Entre viñedos y bodegas excavadas en las laderas de su terreno ondulado, esta localidad zamorana se transforma cada 26 de diciembre en el escenario de una de las mascaradas más vibrantes y auténticas de la península.
Aquí no se trata solamente de recordar, sino de vivir la herencia cultural a través de un ritual que une a todo un pueblo en un baile entre lo sagrado y lo profano.
Cuentan estos jóvenes zamoranos, para EL ESPAÑOL de Castilla y León, que el Zangarrón no es un personaje cualquiera, es el alma de esta fiesta. Durante semanas, los mozos ensayan los bailes al son del tamborilero, una figura casi dictatorial que guía con autoridad los pasos y no duda en recurrir al “vergajo” para corregir errores.
La preparación comienza sobre el 8 de diciembre, cuando se elige al joven que encarnará al Zangarrón, en el pasado el mayor de los quintos y hoy cualquier valiente dispuesto a asumir este papel.
Cosido a su traje y cargado con vejigas hinchadas, el Zangarrón es mucho más que un disfraz: es una mezcla de respeto, tradición y un toque de irreverencia.
El 25 de diciembre, víspera de la fiesta, por la tarde, arranca la fiesta con un acto que desborda emoción y simbolismo. Los jóvenes provocan al Zangarrón en su casa, incitándole a perseguirlos en una primera escaramuza que anuncia lo que vendrá.
Por la noche, el sonido de cencerros y esquilas resuena por las calles, marcando el paso de los quintos, que montan guardia para que estos instrumentos no dejen de sonar. Entre tanto, se come, se canta y se bebe, en una mezcla de celebración y trasnoche que culmina al amanecer.

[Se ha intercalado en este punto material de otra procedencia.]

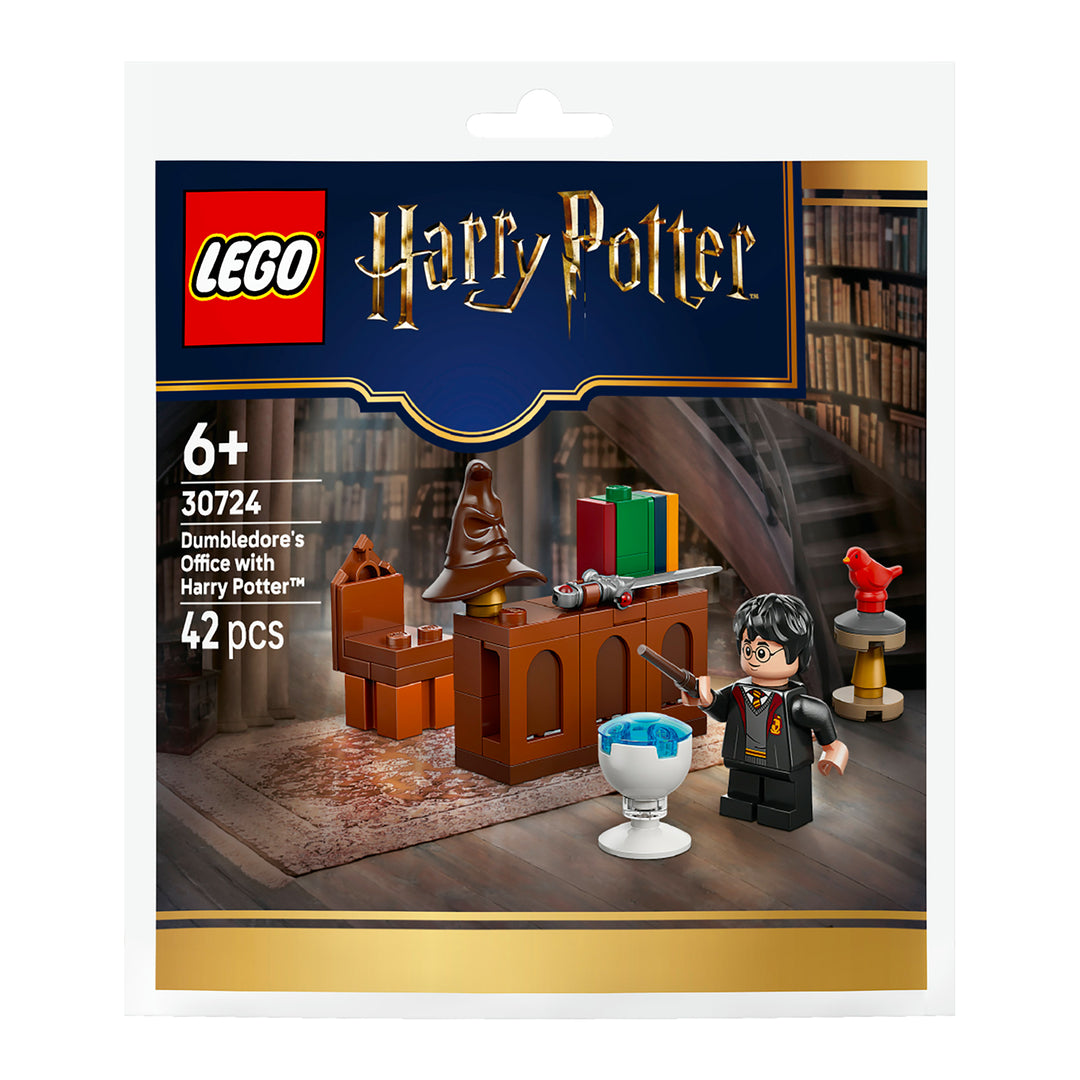 LEGO 30724 STUDIO DI SILENTE CON HARRY POTTER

El 26 de diciembre, todo el pueblo madruga para recoger al Zangarrón y, tras las tradicionales sopas de ajo, comienza la jornada grande. La comitiva, acompañada de danzantes, mayordomos y un tamborilero, realiza una recaudación recorriendo cada rincón del pueblo, desde las Cuatro Calles hasta la iglesia.
Aquí, la figura del Zangarrón despliega todo su carisma: silencioso, con su bolsa abierta para recibir aguinaldos, y listo para correr tras quien le rete, rememorando un juego ancestral que mezcla humor y solemnidad.

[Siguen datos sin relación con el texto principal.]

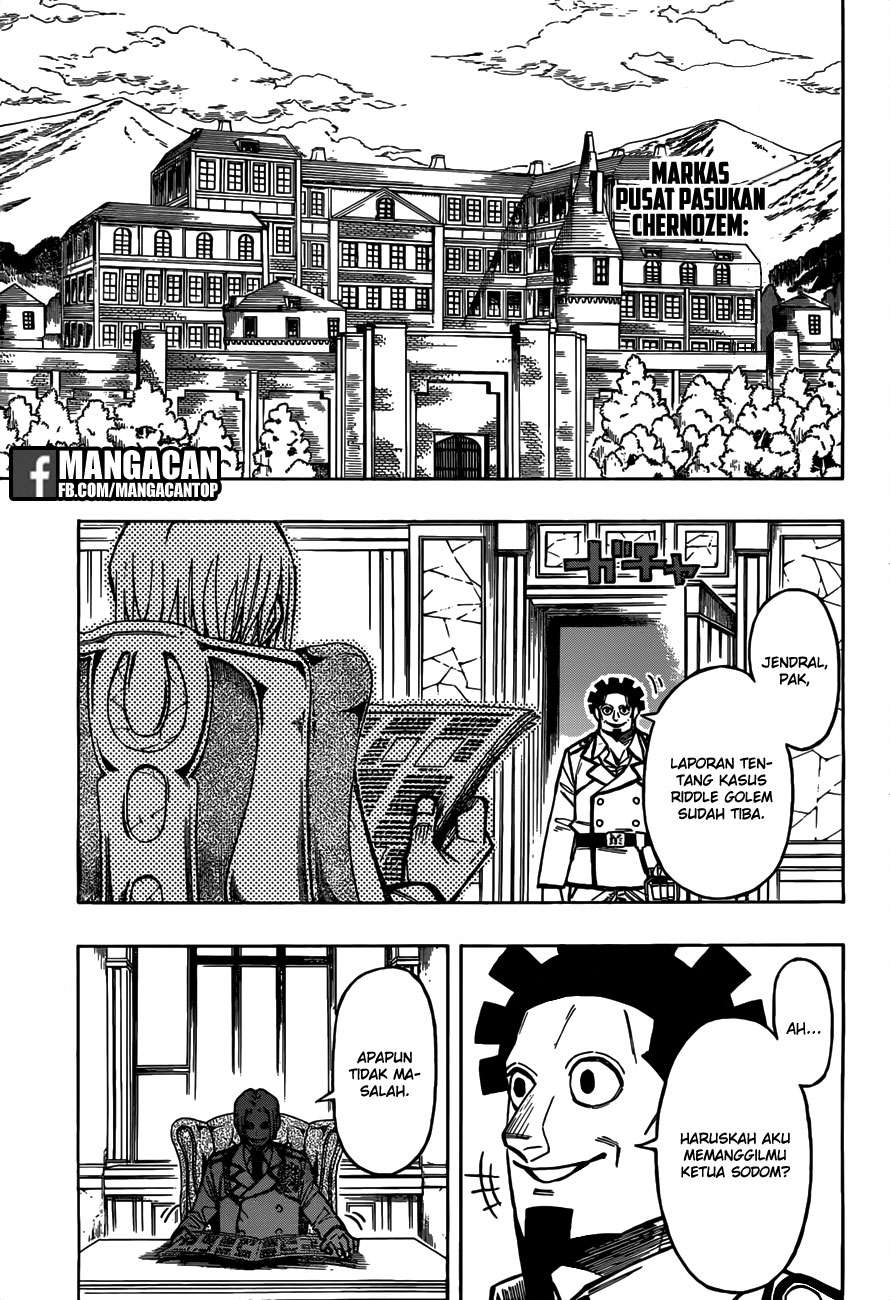 Golem Hearts Chapter 14 - halaman 15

Pero la mascarada no se queda en carreras y bailes. La procesión con la imagen de San Esteban, portada por las Bailonas, y los bailes ceremoniales que rinden homenaje al santo, añaden un componente espiritual que conecta a los sanzoleños con sus raíces.
El Zangarrón, siempre en el centro de todo, observa en silencio, rompe vejigas en un gesto lleno de simbolismo y lidera las últimas vueltas en torno a la iglesia antes de despedir la fiesta.
La jornada termina con la “comida del mutis”, un banquete lleno de normas curiosas donde los mozos no pueden hablar, bajo pena de multas o un garrotazo.
Aunque los tiempos han cambiado y el Zangarrón ya no come apartado, el respeto por el ritual permanece intacto, garantizando que esta tradición más allá de perdurar, siga siendo la esencia viva de Sanzoles.
Cada paso, cada gesto, cada carrera del Zangarrón parece contar la misma historia: esta no es una fiesta que se mira desde fuera, sino una que se siente, se vive y se corre. Porque en Sanzoles, dicen, la tradición no es un recuerdo estancado, sino un corazón que late al ritmo del tamboril y el eco de los cencerros.